À l'annexe Gambetta du lycée Lamoricière, à Oran, en classe de 6e, Yves Gaillard rencontre un collaborateur de génie, Daniel Debauge. Yves et Daniel seront dans les mêmes classes de la 6e à la 2e.
Yves Gaillard et Daniel Debauge se découvrent une même passion pour la bande dessinée. Leur étonnant potentiel imaginatif les mène à une belle collaboration: ils commencent à écrire des aventures de leur héros Johnny, l'enfant de la prairie, à les dactylographier et à les illustrer, parfois avec l'aide d'autres camarades de leur âge, Jean-Paul-Jouary et François Michel-Lopez.
«Nous avions 14 ans, Yves et moi, écrit Daniel Debauge. C'est en 4e et en 3e que nous y avons travaillé le plus. En 2e, nous avions dû nous "calmer", vu les résultats scolaires désastreux de l'année précédente. C'est donc essentiellement au lycée que nous préparions tout ça: en récréation, en permanence (nous étions demi-pensionnaires) et même pendant certains cours ennuyeux. Il se peut que j'aie envoyé des textes à Yves dans cette période lorsqu'il était en vacances en France (je me souviens d'une adresse aux Houches, en Savoie). Après le départ définitif en France nous sommes restés un moment en relations épistolaires, mais nous n'avons plus travaillé ensemble sur des bandes dessinées ni sur quoi que ce soit...»
Engagés dans une intense production de scénarios, ils décident de créer un journal, Wigwam: Daniel se charge de la rédaction des scénarios, Yves du dessin. D'autres camarades, comme Jean-Paul Jouary, participeront ponctuellement. Ce journal d'adolescents très prometteur, fait à la pâte à polycopier, durera l'espace de quatre numéros, le matériel employé se révélant vite défaillant.
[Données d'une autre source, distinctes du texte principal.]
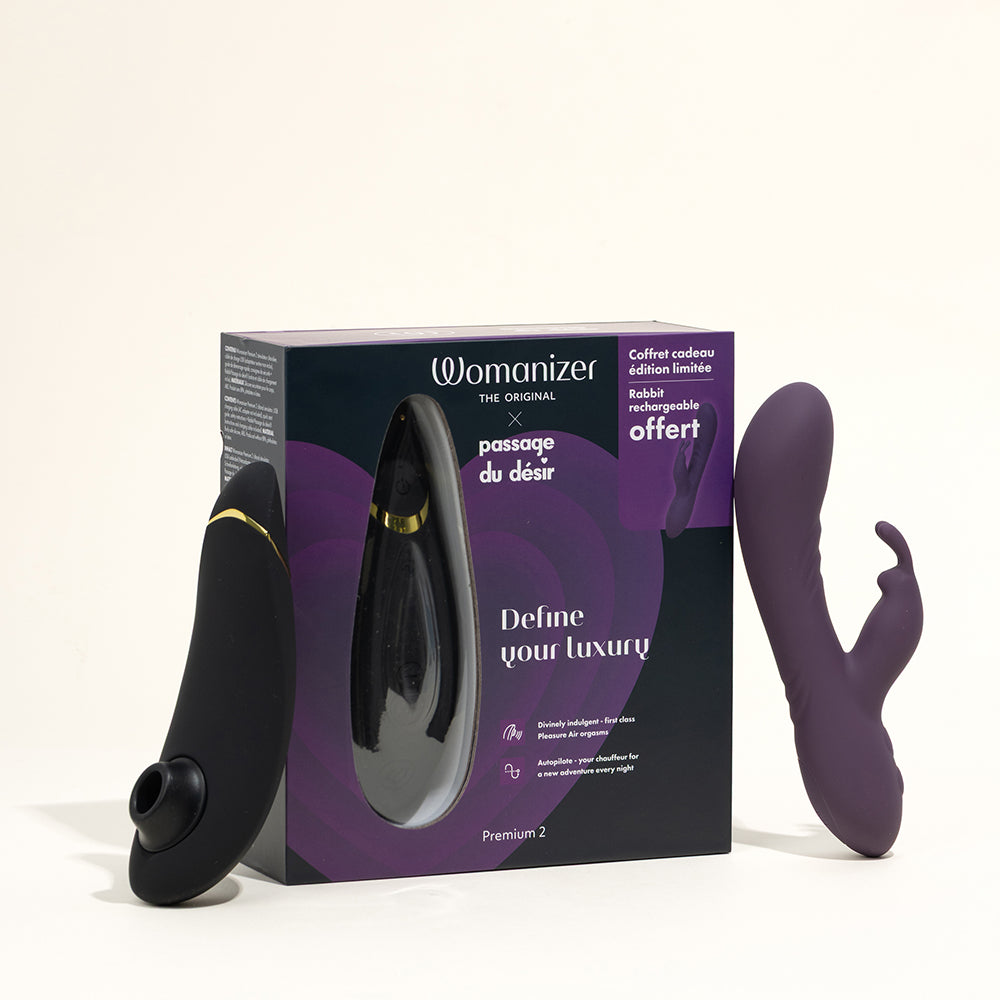 Womanizer Premium 2 - Edition spéciale Premium 2 + Rabbit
Un mini-livre dont il ne reste que des vestiges épars devait sans doute être inséré dans le numéro 5 du journal Wigwam : Bud et l'épave du Granger, sur un scénario et des dessins signés Jean-Paul Jouary.
Sont encore conservés:
— Deux livrets dactylographiés
«Je me rappelle bien ce scénario (c'est moi qui avais eu l'idée de la tête de mort avec une torche à l'intérieur), écrit Daniel Debauge, mais je ne me souvenais pas qu'il avait été dactylographié... Peut-être l'a-t-il été après? Je l'ai trouvé assez bien écrit et soigné, par rapport à nos œuvres antérieures. Le scénario lui-même avait été terminé, mais probablement pas la dactylographie (qui demandait plus de travail matériel, avec les moyens de l'époque). Ce qui m'amuse, maintenant, c'est que nous nous démarquions de quelques tabous de la littérature enfantine de l'époque: nos histoires sont jonchées de cadavres et les héros engloutissent des litres de whisky!»
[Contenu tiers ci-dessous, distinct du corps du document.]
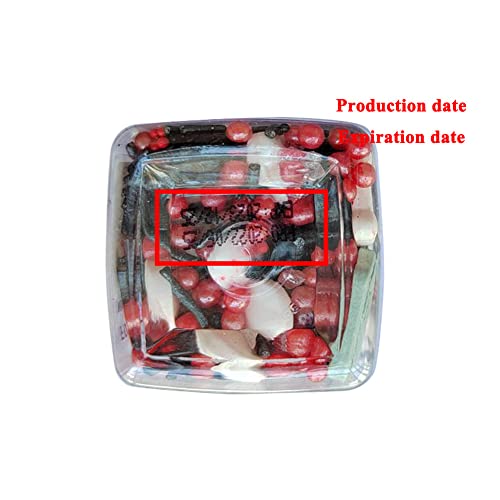 1 Bottle Candy Eyeballs Bloody Red Eyes Dog Bones Cake Cupcake Toppers Cookie Decorations Edible Dessert Sprinkles Mix for Halloween Cake Cupcakes Decoration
— Neuf scénarios manuscrits originaux dont les héros sont
— Un livret de vers intitulé Souvenirs de demi-pension comptant quatre pages. Ce feuillet fut diffusé en 1961 parmi les lycéens de l'annexe Gambetta du lycée Lamoricière, à Oran. René Patouraux, condisciple de Daniel Debauge et d'Yves Gaillard, a réussi à conserver intact ce document rarissime (il n'existe plus en effet qu'en un seul exemplaire), pendant 46 ans !
— En 1961,Yves et Daniel entreprennent d'écrire leur grande tragédie «grecque» (en alexandrins) intitulée: Xymoléhon. Des vestiges des actes II et III ont été retrouvés dans les archives de Daniel Debauge (l'acte I est probablement perdu, et l'acte IV n'a jamais été écrit).
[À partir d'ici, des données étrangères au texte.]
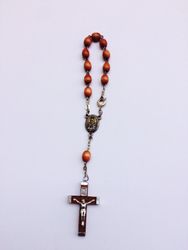 Auto Wood Rosary Crucifixes" itemprop="image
«Chronologiquement, écrit Daniel Debauge, Xymoléhon vient après Wigwam et les bandes dessinées. Nous étions un peu plus grands, en fin de la 3e, peut-être début de la 2e. Il faut la lire comme une parodie de ce qu'on nous enseignait à l'époque, en français. C'était bien construit, puisque nous avions fait le plan de la pièce et la liste des personnages. Je l'avais commencée avec Yves, qui avait rédigé une partie de l'acte I et peut-être de l'acte II. Yves était passé à autre chose, j'avais continué un peu tout seul, puis m'étais probablement découragé au milieu de l'acte III. Nous avions énormément rigolé en écrivant cela!»
En 1962, à 16 ans, Daniel Debauge et Yves Gaillard quittent l'Algérie et arrivent en France. Le premier ira vers l'ouest, à Albi puis Toulouse, l'autre vers l'est, à Fréjus.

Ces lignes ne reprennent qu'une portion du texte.